• _Work required_
In the records below, find the line containing "Swan Standing In Water t-shirts" and retype it and every line after it exactly, adding nothing.

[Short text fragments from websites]
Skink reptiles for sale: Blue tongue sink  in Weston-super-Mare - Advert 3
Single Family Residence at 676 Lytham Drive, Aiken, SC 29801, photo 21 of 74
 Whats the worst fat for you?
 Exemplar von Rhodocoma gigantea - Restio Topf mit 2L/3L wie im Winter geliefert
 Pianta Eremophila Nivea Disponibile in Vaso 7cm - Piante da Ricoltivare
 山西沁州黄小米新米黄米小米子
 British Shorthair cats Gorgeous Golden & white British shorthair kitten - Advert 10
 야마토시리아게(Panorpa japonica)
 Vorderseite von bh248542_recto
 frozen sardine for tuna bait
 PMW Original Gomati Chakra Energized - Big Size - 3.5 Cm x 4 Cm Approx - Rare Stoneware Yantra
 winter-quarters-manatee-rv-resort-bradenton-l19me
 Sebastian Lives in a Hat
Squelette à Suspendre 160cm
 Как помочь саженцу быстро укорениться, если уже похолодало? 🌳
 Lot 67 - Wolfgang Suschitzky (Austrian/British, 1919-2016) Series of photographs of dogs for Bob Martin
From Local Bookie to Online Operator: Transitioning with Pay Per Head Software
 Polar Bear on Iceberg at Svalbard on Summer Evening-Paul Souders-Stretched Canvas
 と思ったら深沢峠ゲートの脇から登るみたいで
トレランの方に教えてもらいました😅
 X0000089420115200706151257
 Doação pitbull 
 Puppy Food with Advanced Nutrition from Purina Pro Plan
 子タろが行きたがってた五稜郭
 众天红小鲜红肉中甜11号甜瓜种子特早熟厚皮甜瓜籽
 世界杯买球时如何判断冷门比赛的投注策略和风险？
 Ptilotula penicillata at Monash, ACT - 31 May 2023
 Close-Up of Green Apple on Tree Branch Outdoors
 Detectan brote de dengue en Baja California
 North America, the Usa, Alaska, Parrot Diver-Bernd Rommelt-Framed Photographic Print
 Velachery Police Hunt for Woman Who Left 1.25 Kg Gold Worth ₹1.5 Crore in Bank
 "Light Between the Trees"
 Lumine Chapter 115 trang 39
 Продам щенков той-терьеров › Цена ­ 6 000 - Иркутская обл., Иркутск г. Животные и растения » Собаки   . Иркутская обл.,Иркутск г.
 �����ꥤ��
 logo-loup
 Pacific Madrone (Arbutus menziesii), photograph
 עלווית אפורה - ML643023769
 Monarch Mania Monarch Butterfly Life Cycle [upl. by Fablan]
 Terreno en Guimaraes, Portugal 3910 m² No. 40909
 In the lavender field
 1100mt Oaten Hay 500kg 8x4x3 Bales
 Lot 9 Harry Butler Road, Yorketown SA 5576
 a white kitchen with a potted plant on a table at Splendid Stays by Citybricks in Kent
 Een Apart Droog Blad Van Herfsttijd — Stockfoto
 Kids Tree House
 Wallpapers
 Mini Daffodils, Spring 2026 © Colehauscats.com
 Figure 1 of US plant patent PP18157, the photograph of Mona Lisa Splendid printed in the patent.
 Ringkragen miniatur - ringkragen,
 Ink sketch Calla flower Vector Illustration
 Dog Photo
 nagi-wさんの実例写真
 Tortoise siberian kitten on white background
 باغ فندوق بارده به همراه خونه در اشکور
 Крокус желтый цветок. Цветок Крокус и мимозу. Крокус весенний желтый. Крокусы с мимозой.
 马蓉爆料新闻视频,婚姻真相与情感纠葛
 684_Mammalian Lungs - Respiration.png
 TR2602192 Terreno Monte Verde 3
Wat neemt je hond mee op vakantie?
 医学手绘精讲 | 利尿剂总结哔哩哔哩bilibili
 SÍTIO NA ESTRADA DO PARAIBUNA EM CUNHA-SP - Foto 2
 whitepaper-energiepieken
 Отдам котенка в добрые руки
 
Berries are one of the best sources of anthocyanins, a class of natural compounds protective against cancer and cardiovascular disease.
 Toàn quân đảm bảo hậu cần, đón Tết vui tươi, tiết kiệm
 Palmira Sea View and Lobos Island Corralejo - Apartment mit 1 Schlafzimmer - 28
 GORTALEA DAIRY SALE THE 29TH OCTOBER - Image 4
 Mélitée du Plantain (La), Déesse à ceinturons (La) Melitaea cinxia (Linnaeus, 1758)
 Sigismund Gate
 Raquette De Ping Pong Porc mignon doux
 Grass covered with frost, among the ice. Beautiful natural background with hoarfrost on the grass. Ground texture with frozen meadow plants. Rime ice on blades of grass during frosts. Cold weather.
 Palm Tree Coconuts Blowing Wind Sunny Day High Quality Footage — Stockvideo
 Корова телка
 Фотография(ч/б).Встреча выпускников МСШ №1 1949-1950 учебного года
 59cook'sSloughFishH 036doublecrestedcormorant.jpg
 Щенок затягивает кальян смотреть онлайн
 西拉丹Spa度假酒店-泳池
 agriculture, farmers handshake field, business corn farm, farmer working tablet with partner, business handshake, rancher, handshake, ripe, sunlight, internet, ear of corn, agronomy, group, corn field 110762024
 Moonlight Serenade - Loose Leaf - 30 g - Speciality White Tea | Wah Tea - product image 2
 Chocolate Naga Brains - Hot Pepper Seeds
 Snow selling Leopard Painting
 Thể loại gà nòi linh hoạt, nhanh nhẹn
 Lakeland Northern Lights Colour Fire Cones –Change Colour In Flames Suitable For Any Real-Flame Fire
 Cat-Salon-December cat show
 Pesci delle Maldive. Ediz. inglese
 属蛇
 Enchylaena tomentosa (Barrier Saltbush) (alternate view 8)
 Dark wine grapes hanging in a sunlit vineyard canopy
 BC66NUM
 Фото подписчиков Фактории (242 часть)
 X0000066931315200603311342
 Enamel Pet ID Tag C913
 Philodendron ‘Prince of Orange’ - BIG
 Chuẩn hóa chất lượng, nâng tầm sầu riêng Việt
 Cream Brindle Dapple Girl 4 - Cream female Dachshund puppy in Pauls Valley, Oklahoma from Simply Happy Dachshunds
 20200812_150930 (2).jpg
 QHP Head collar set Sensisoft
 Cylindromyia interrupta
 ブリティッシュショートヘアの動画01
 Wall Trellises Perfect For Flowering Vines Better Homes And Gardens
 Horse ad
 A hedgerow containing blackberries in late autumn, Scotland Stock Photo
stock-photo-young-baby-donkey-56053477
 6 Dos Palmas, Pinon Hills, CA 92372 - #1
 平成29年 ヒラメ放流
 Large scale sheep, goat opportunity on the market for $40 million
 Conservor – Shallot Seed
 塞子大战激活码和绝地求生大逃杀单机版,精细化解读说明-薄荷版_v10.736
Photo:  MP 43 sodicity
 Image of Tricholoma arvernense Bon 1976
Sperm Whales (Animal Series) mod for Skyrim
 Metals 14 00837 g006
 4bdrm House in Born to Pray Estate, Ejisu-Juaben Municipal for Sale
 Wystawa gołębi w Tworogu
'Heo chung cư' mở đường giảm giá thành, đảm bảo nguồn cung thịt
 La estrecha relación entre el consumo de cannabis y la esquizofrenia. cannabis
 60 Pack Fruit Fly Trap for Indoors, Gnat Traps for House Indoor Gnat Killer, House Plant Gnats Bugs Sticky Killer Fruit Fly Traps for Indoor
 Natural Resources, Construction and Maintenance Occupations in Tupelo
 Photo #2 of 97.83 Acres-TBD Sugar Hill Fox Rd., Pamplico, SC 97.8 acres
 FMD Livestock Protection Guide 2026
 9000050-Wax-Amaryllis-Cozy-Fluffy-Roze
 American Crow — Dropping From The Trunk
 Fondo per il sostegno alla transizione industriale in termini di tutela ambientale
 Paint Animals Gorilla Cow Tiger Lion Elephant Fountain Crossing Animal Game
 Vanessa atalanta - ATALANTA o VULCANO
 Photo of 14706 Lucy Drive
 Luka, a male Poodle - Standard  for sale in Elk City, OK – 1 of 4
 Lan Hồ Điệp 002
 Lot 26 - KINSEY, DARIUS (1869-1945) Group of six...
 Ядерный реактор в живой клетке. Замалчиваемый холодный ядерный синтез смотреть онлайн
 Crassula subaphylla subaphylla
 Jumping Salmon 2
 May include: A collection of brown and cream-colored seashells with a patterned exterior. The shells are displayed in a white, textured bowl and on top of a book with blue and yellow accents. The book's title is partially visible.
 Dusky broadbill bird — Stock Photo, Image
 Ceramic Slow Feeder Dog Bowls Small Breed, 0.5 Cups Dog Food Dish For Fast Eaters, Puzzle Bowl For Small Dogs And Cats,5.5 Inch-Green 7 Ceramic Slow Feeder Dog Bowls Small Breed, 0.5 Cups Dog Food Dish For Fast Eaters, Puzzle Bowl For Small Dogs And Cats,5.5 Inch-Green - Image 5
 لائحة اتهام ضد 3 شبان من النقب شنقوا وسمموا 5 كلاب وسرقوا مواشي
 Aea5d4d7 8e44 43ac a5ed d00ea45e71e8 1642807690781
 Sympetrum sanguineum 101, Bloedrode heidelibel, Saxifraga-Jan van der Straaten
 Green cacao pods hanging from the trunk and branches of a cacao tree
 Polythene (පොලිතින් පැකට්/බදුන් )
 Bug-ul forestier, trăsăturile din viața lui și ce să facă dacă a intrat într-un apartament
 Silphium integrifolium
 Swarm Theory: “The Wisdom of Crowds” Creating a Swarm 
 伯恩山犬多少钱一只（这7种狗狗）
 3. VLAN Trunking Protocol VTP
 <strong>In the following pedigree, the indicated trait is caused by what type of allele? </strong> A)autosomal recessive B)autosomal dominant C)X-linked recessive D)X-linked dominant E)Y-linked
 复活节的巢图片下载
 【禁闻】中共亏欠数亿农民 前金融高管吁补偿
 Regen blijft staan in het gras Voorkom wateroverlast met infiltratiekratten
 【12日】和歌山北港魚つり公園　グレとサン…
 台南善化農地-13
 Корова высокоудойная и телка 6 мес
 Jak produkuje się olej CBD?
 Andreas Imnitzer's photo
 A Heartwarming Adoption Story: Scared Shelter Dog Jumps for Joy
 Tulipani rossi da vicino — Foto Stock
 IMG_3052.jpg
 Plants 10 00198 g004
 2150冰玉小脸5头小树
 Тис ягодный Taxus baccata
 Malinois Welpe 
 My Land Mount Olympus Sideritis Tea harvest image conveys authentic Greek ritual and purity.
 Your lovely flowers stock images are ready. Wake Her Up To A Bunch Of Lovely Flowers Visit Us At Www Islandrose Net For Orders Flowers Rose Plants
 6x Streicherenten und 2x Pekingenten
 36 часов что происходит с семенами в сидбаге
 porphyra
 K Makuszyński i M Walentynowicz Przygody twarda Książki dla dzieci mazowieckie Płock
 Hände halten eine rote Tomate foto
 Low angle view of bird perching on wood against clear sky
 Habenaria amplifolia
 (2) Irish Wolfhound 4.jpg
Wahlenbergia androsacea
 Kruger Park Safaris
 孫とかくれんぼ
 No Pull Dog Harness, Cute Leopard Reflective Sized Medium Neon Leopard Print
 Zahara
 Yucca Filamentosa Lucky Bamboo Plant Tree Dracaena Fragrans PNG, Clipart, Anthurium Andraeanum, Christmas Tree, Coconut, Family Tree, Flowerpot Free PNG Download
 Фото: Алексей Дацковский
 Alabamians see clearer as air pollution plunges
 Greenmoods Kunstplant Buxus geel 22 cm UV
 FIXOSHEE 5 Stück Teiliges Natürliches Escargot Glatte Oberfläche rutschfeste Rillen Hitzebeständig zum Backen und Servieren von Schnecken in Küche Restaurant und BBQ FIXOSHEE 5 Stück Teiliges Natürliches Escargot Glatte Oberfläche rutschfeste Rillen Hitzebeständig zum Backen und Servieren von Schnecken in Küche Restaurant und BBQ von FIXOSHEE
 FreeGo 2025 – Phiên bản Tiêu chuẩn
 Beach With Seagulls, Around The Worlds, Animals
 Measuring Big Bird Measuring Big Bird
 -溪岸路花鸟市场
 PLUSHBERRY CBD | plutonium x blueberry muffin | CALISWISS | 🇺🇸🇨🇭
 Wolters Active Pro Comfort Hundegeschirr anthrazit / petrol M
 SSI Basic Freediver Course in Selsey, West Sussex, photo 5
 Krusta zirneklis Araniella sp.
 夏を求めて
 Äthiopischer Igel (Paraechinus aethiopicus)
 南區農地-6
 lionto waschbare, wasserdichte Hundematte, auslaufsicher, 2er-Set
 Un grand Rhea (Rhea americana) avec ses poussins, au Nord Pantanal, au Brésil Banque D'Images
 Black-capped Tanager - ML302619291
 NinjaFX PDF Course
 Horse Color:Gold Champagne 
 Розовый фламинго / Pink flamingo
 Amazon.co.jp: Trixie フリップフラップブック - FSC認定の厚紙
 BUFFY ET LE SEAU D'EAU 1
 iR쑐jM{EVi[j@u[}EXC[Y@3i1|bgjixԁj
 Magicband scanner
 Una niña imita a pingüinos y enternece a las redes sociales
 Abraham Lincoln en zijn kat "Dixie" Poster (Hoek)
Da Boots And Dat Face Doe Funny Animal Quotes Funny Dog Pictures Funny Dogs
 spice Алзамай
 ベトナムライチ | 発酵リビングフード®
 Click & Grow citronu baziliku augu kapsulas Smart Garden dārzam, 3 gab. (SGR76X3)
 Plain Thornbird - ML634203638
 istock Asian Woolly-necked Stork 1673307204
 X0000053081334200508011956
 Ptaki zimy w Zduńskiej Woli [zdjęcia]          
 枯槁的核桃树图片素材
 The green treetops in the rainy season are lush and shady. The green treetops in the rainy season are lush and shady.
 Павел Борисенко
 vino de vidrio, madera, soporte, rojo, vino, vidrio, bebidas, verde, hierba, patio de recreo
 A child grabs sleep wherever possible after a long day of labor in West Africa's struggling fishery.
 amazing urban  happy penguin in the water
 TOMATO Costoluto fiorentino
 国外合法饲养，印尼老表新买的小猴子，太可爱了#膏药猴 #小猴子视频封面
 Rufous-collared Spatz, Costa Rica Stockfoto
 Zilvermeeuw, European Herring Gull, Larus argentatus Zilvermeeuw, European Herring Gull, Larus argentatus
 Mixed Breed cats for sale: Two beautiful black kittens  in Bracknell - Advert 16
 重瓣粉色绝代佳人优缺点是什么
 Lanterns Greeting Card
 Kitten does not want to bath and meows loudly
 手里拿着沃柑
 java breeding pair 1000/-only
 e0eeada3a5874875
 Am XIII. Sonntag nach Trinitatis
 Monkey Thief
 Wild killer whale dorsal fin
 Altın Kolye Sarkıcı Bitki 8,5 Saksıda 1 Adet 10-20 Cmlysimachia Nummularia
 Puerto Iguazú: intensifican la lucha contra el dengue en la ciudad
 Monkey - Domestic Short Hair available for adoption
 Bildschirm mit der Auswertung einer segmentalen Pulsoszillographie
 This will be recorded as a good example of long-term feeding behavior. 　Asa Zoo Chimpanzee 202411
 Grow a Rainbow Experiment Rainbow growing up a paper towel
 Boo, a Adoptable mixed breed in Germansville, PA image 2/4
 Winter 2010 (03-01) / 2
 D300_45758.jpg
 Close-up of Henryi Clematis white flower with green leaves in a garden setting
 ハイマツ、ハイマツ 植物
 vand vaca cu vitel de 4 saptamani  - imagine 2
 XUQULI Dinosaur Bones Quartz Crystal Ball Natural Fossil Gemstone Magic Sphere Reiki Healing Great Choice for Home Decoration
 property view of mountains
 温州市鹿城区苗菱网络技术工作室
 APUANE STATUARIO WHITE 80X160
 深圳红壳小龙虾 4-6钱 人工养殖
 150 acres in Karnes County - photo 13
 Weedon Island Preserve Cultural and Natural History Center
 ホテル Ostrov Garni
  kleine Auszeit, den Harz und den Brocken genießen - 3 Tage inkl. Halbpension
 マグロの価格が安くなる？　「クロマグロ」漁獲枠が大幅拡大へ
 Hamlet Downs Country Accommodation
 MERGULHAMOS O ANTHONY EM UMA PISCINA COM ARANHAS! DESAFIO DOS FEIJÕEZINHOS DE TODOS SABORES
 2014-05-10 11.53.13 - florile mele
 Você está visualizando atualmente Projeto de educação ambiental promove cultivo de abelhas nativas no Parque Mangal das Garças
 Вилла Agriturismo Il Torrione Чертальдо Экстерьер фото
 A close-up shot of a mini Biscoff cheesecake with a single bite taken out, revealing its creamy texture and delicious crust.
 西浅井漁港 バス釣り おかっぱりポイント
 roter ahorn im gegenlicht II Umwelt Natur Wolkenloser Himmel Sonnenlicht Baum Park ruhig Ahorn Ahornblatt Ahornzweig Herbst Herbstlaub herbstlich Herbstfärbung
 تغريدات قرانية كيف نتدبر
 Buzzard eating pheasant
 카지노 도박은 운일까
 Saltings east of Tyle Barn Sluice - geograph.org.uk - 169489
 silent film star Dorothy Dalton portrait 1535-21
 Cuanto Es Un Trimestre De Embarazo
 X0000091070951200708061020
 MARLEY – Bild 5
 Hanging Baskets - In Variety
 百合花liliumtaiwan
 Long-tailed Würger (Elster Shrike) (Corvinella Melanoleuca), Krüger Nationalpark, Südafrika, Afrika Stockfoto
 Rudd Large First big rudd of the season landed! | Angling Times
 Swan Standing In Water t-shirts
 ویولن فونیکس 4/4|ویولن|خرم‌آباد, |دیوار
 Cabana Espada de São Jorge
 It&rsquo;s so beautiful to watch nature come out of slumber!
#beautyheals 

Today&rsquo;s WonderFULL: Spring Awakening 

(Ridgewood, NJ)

• _Exercise response_
 Swan Standing In Water t-shirts
 ویولن فونیکس 4/4|ویولن|خرم‌آباد, |دیوار
 Cabana Espada de São Jorge
 It&rsquo;s so beautiful to watch nature come out of slumber!
#beautyheals 

Today&rsquo;s WonderFULL: Spring Awakening 

(Ridgewood, NJ)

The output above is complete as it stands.